If the wires were buzzing, he would raise the gas in the lamp above Eckert’s desk, take out a book, and wait. If all was quiet, he would soon be on his way back to the White House. But whenever he finished reading through the messages, he would always say, “So, boys, I’m down to the raisins. Anything else?”
That night, cipher operator David Homer Bates looked up from his desk and said, “I’m working on something from General McClellan, sir, if you’d like to wait.”
“Well, I don’t feel much like sleepin’—” Lincoln pulled out the chair. “—so cipher on. Maybe it’s the casualty numbers.”
Earlier dispatches from McClellan had described an attack across a dam on the Warwick River, an attempt to pierce rebel positions before Yorktown, but it seemed that McClellan had lost his nerve once the Vermonters who led the attack gained a toehold. This did not surprise Halsey. Back in October, McClellan had not even bothered himself about the crossing at Ball’s Bluff. Maybe it was something about rivers.…
But Halsey did not share his thoughts with the president. It was not his place. Instead he busied himself with paperwork at his desk in the corner.
Bates put his head to the work in front of him.
Lincoln took a pencil and small red leather-bound notebook from his pocket and began to write.
Then Bates looked up. “Mr. President, I’ve been working in this office for the better part of a year, and I’m puzzled about something.”
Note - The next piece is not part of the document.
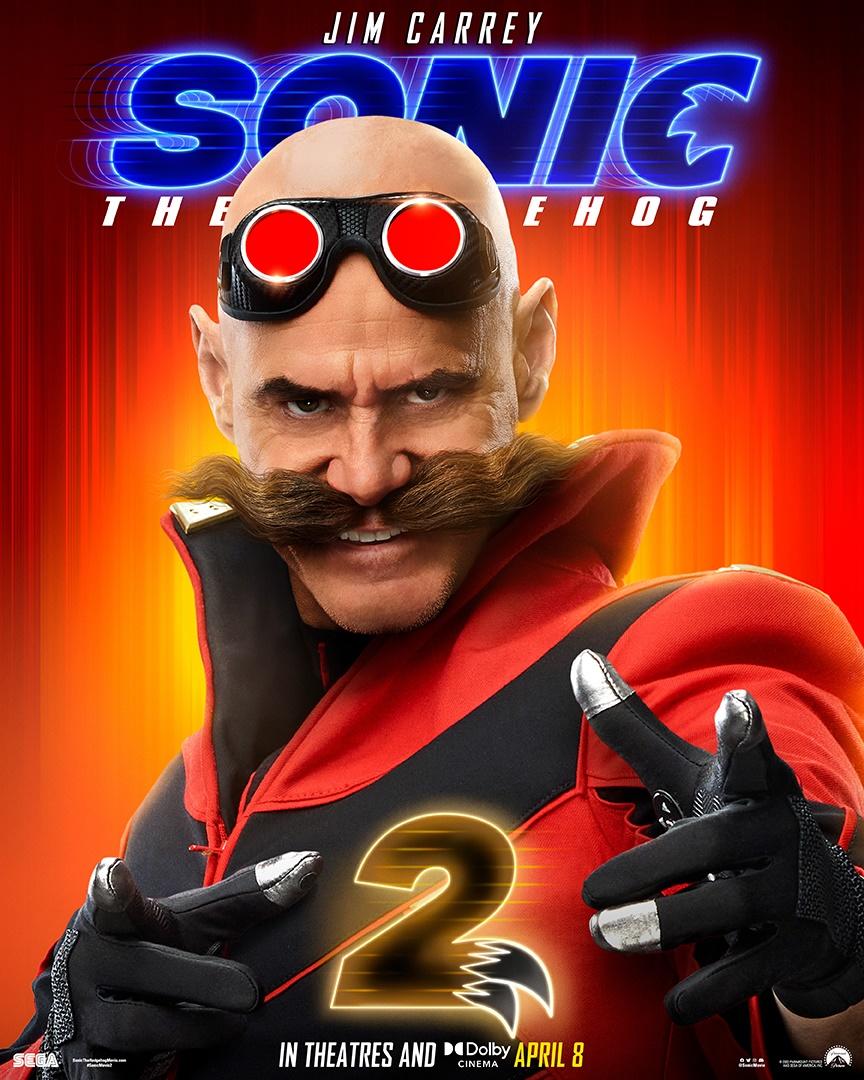 New Sonic the Hedgehog 2 Movie Poster Revealed – SoaH City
Lincoln said, “What is it?”
“Whenever you read through the telegrams, sir, when you get to the last one, you always say you’re ‘down to the raisins.’ Why is that?”
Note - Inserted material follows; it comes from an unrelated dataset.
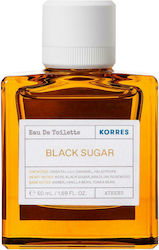 Korres Black Sugar Eau de Toilette for women Γυναικειο Αρωμα  50 ml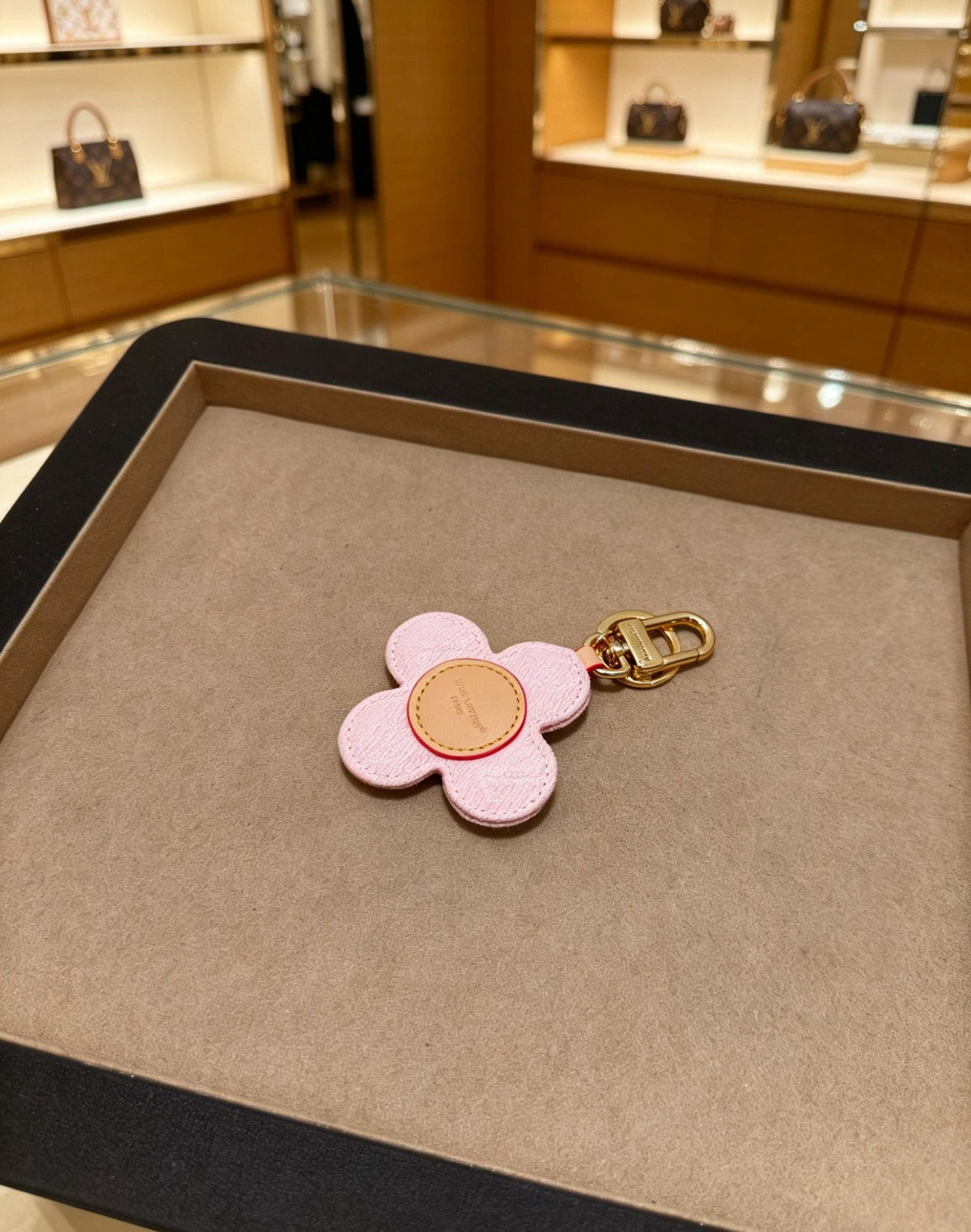 LV Vivienne Bag Charm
Lincoln chuckled and cocked his head.
Halsey sensed a story coming on.
“Well, now—” Lincoln tossed the notebook onto the desk, then leaned back in the chair and unfolded those long legs, so that they seemed to travel halfway across the room.
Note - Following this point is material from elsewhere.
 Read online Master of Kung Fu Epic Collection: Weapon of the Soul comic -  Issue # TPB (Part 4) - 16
Yes, thought Halsey, another story.
“There was this little girl back in Springfield,” Lincoln began. “And it was her birthday. And she ate so much raisin-and-spice cake—the kind with the thick white butter-frostin’—that she looked like a foundered horse, with
a belly so full, she could barely move and sickly-white skin the same color as that frostin’. And right after her little friends left, she took to castin’ up her accounts.”
“You mean she vomited?” asked Halsey.
“Lieutenant, you do make me wonder what my son can be learning at that Harvard College. Castin’, pukin’, chuckin’, tossin’ … all fine euphemisms for the act of vomiting.”
“If my experience with the Harvard punch bowl is any indication, sir, your son will be familiar enough with the act if not with the terminology.”
“Well, every boy must learn his lessons,” said Lincoln, “though I have to admit that the taste of spirits never held much interest for me.”
“But, sir,” said Homer Bates, “the raisins?”
“Oh, yes,” said Lincoln. “The little girl kept pukin’ for so long, her parents thought she might cast up her very own stomach and die right then, right on her birthday. So they sent for the doctor. He came and gave her belly a listen, then he asked to see the last thing she’d tossed. So they brought him the chamber pot. He took one look at the little black bits floatin’ in the pot bottom, and said, ‘Folks, don’t you worry none at all. She’ll be better and better soon, ’cause she’s down to the raisins.’”
After a moment Bates’s moon face brightened and he laughed.
Halsey managed a smile. “‘Down to the raisins.’ That means her stomach’s empty … nothing more to see.”
“Just that,” said Lincoln. “So … when I read through the pile to the message I saw on my last visit, I know that I need go no further, because I’m down to the raisins.”
“Well, sir—” Bates got up and gave him a sheet of yellow paper. “—have a raisin.”
Lincoln laughed, took the dispatch, and read.
First, his little smile fell off. Then his voice lost all good humor. “Three Vermont companies. Thirty-nine casualties. Thirty-nine more sons with grieving mothers. And the position abandoned.” He held the dispatch for a moment; then he let it flutter to the floor, as if it were simply too heavy.